ACTIVITY:
From the first line of the listing below to the line with "A crew member", print each line exactly, and nothing more. Leave out the pictures.

::: MATERIAL PROVIDED

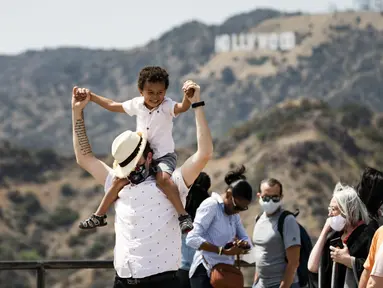 Pengunjung mengenakan masker di luar ruangan saat mengambil gambar tanda Hollywood di Observatorium Griffith di Los Angeles, Senin (17/5/2021). California mempertahankan aturan mengenakan masker hingga negara bagian itu mencabut pembatasan COVID-19 pada 15 Juni. (AP Photo/Damian Dovarganes)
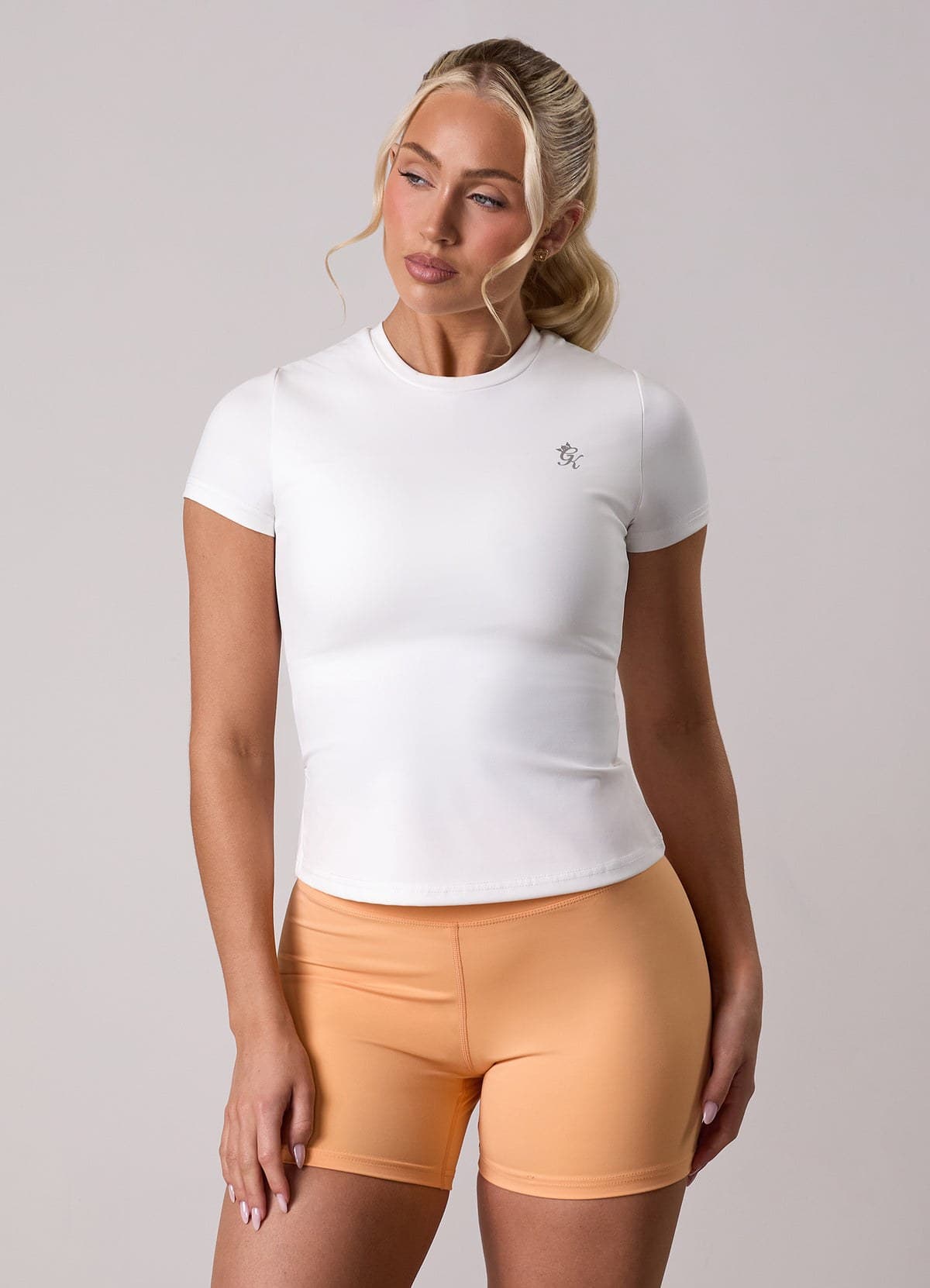 White built-in-bra training tee on model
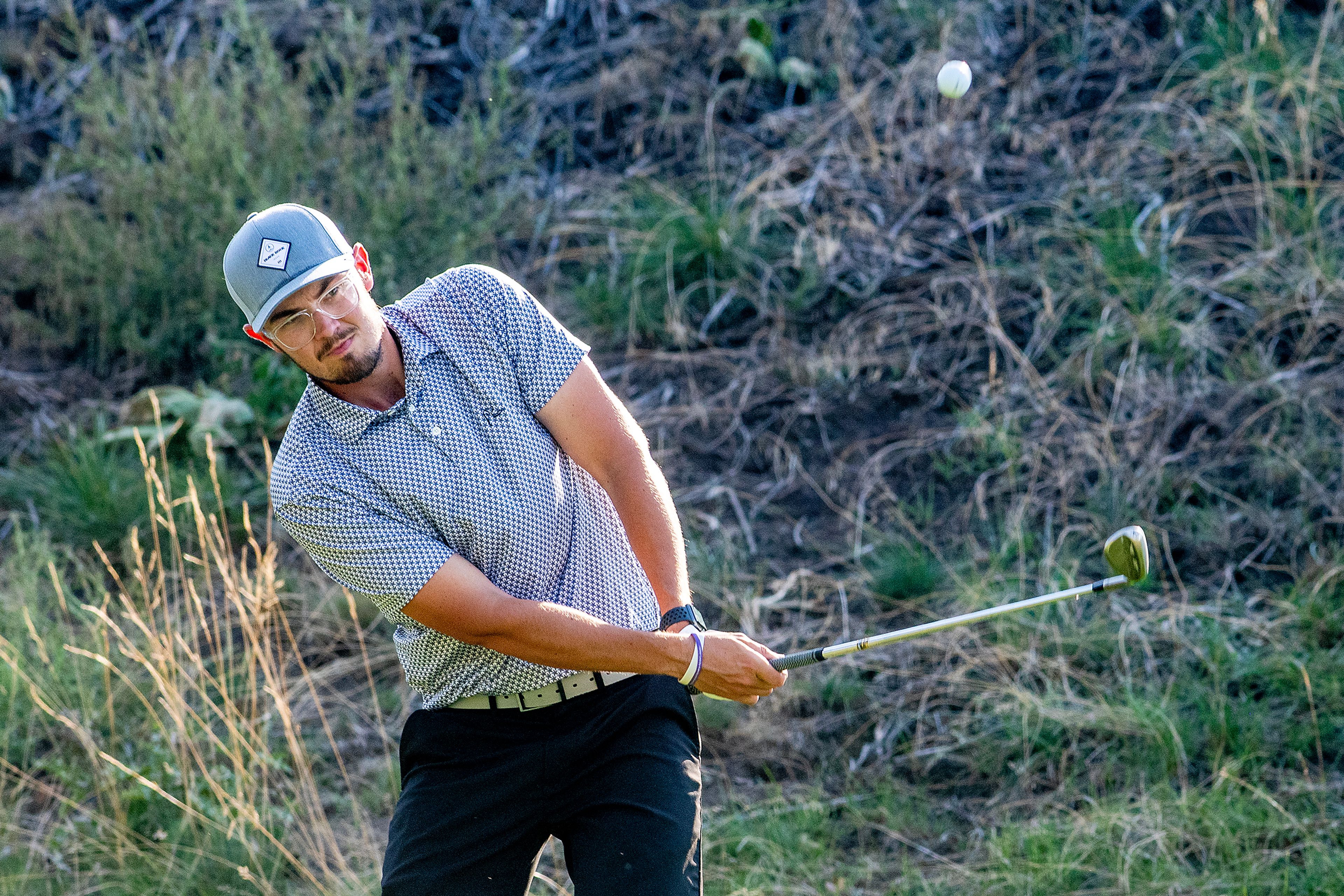 Zach Anderson hits his ball in a chip off at the Sole Survivor Tournament Monday at the Lewiston Golf and Country Club.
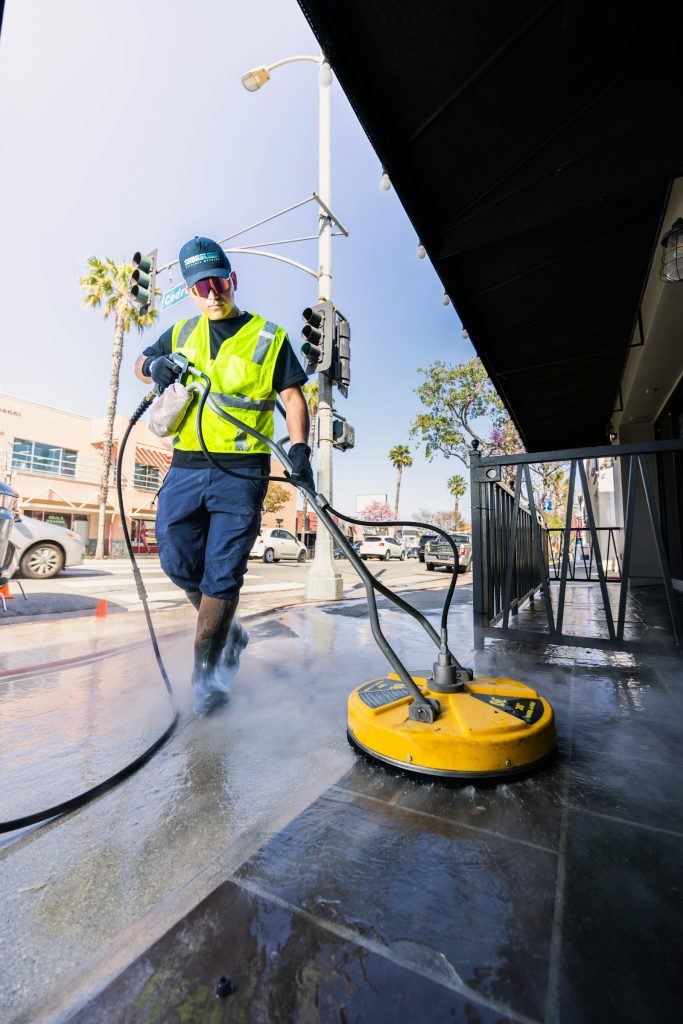 A crew member in a hi-vis vest pressure washing a commercial sidewalk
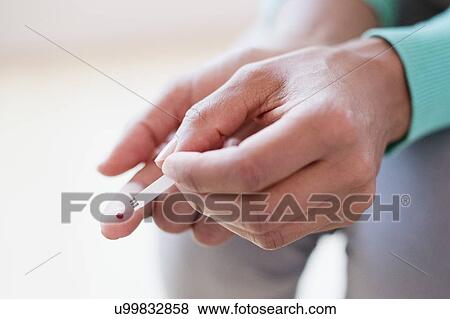 Stock Photo - Woman doing finger prick test. Fotosearch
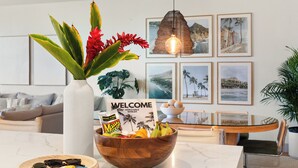 Eine Holzkreisläufer gefüllt mit Früchten und Gemüse, eine weiße Vase mit roten Blumen und ein Schild mit der Aufschrift 'Welcome' auf einem Tisch in einem modernen Wohnzimmer mit einer Couch und gerahmten Bildern an der Wand.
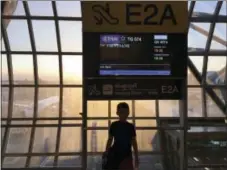  ?? TED ANTHONY — THE ASSOCIATED PRESS ?? This photo shows Wyatt Anthony silhouette­d under a sign while awaiting a flight at Bangkok’s Suvarnabhu­mi Airport. Wyatt occasional­ly travels with just one of his parents while his sibling and other parent remain at home — a type of trip that offers...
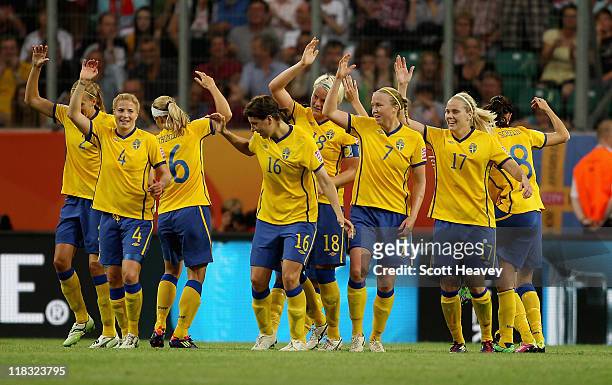 The Sweden team celebrate after scoring their second goal during the FIFA Women's World Cup 2011 Group C match between Sweden and USA at the Arena In...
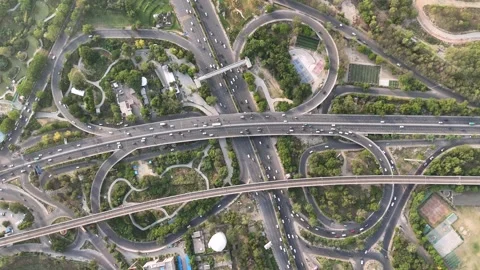Timelapse Aerial View of Mahamaya Flyover and Noida Metro Line in Noida India Stock Footage 335389595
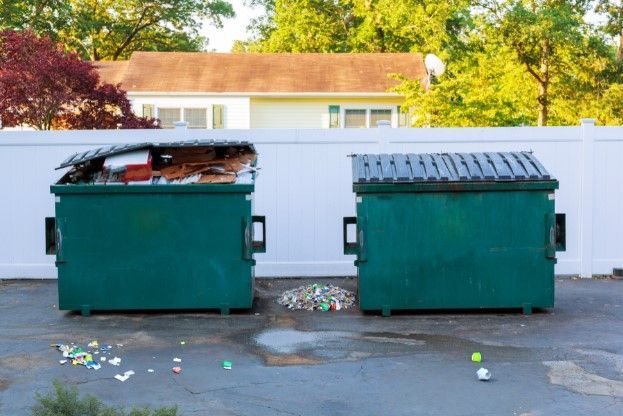 Two Green Dumpsters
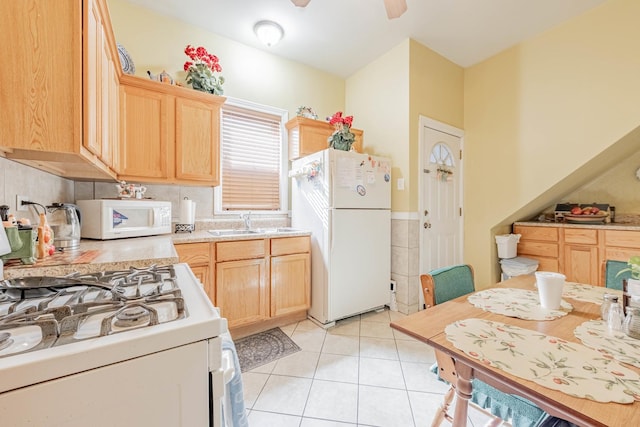 kitchen featuring white appliances, ceiling fan, light tile patterned floors, and light brown cabinetry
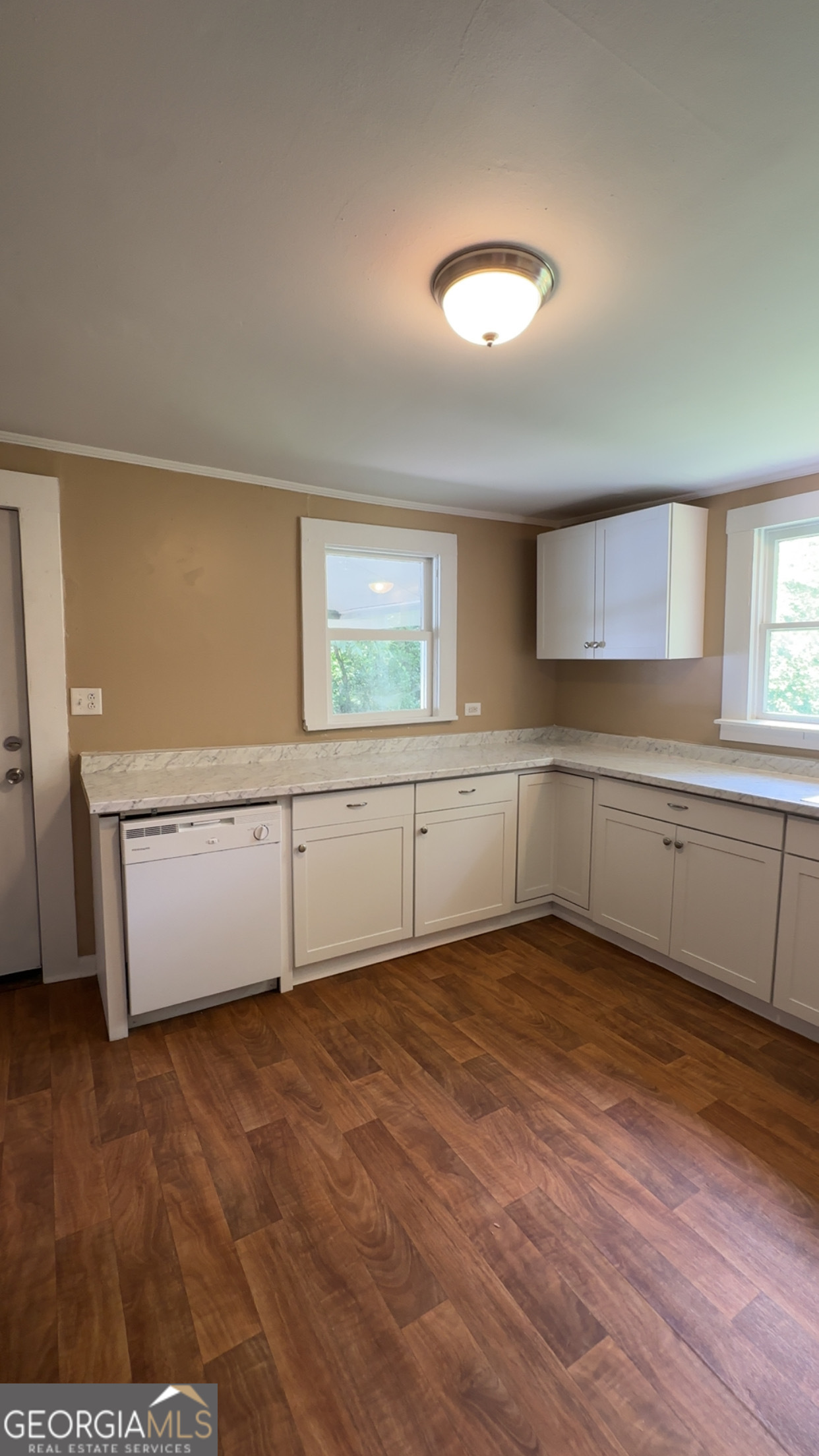 122 Hopkins Street Waycross, GA 31501 - Photo 16 of 31 a view of a kitchen with wooden floor and electronic appliances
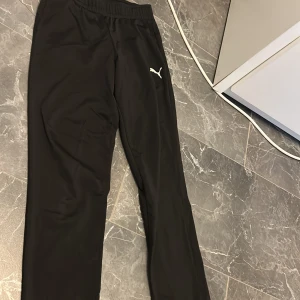 Svarta träningsbyxor från Puma - Svarta träningsbyxor från Puma med elastisk midja och diskret Puma-logga på låret. Byxorna är tillverkade i ett lätt och smidigt syntetmaterial som passar perfekt för sport och aktivitet. Klassisk rak passform och stilren look.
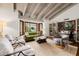 Bright living room with exposed beam ceiling, bay window, and stylish furnishings creating a comfortable and inviting space at 10380 E Cholla St, Scottsdale, AZ 85260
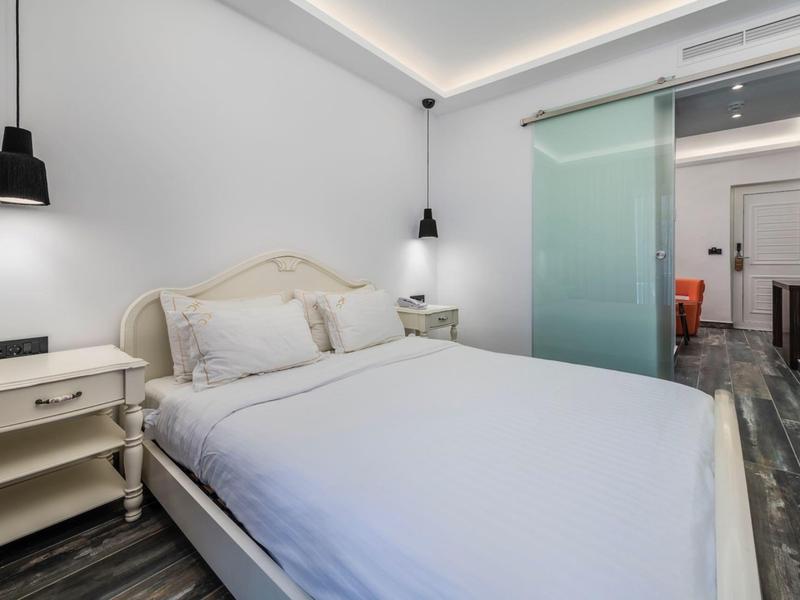 Bedroom with double bed, white walls, two nightstands, and modern pendant lights.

::::::

SOLUTION FOR THIS PROBLEM:
 Pengunjung mengenakan masker di luar ruangan saat mengambil gambar tanda Hollywood di Observatorium Griffith di Los Angeles, Senin (17/5/2021). California mempertahankan aturan mengenakan masker hingga negara bagian itu mencabut pembatasan COVID-19 pada 15 Juni. (AP Photo/Damian Dovarganes)
 White built-in-bra training tee on model
 Zach Anderson hits his ball in a chip off at the Sole Survivor Tournament Monday at the Lewiston Golf and Country Club.
 A crew member in a hi-vis vest pressure washing a commercial sidewalk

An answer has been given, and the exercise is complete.